I came to a similar conclusion on 4/17: :
I have to admit that my personal animosity towards economists and finance experts has grown exponentially over the last 6 months. As I delve more deeply into the causes and assumptions that lead to the crash, I find it analogous to peeling an onion, except each layer is made of stale excrement. The recurring theme is the confident assertion that a complex process (derivative pricing, MBS risk, etc) could be accurately modeled without accounting for all inputs. Intuitively, we know this is to be false, since weather forecasts aren't useful more than a few days out. Yet, the finance industry used this reasoning to justify huge risks by proclaiming that trees could, indeed, grow to the sky.

Now, after the gravy train has derailed, we are told that there is a pundit meritocracy that must be navigated in order to hear financial truth. To which, I call bullshit: the baby and the bath water are equally offensive. These clowns have profited from leading us down the garden path twice, now. (Remember the New Economy and the viability of profitless companies claptrap they fed us during the tech bubble?) If we were to send Paul Krugman to truck driving school, the impairment to the common good isn't so apparent. Would society be that much worse off by exiling the source of The Theory of Interstellar Trade and his kind to the open road? Perhaps logistically, but I'm willing to take the hit.

The article attributes economists' inability to foresee the bubble to flawed standard models and that is almost correct. Nearly a year later, I'm still incredulous when I read about how it is nearly impossible to spot a bubble*. I'd wager that I can produce 50 people who foresaw this crisis, none of whom are economists and many lack college degrees. No model is required to see that $12/hour wage slaves don't belong in $250,000 homes or that "getting upside down" on a car loan is a hallmark of excess and unsustainable credit.
The difference is perspective and common sense.

If economics has any hope of restoring its credibility, it must return to first principles. For one, the complexity of the systems that they are attempting to measure must be respected. There is a reason that long term weather forecasts aren't terribly useful. Secondly, new models based on novel ways to misuse the standard normal distribution aren't the solution. Instead, the limitations of statistical techniques should be accounted for early in any future modeling. If said models show flaws under duress, they must be abandoned, with no regard to their eloquence. The implied volatility "smile" of any option chain should have been a damning indictment of Black-Scholes. Lastly, step away from the computer. The economy isn't in there. Nor is it in New York or DC, for that matter. Get in the car and see what 15% unemployment looks like in Kalamazoo. Spend a month working in the service economy for $8/hour and see if your concept of rationality holds. You may be disturbed by what you find, but I can promise you that a bubble will never sneak up on you again.

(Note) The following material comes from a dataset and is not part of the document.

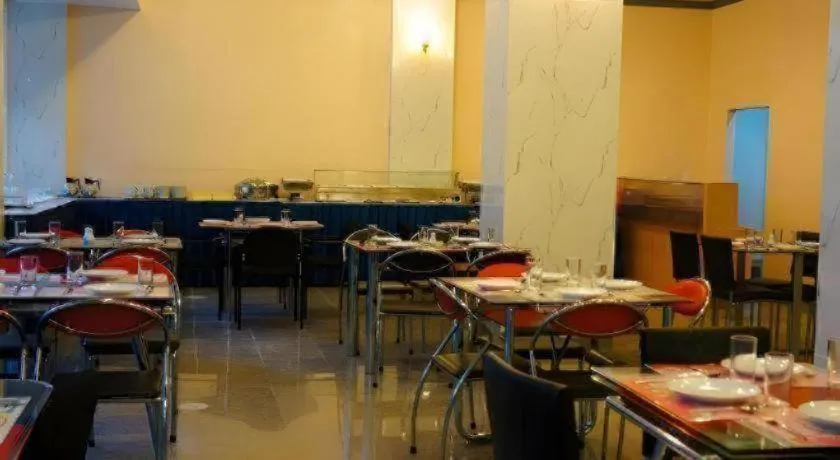 J Two S Pratunam Hotel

* Yes, I believe there is currently a bubble in the equities markets.


2 comments:

  1. No doubt the conclusion will be that even more intervention is necessary to tame the savage economic beast, and 'experts' will craft explanatory models that justify why/how.

    And chances are good that, just as in the past, people will generally accept the revisions. Until that too fails miserably as have all previous. Ground Hog Day.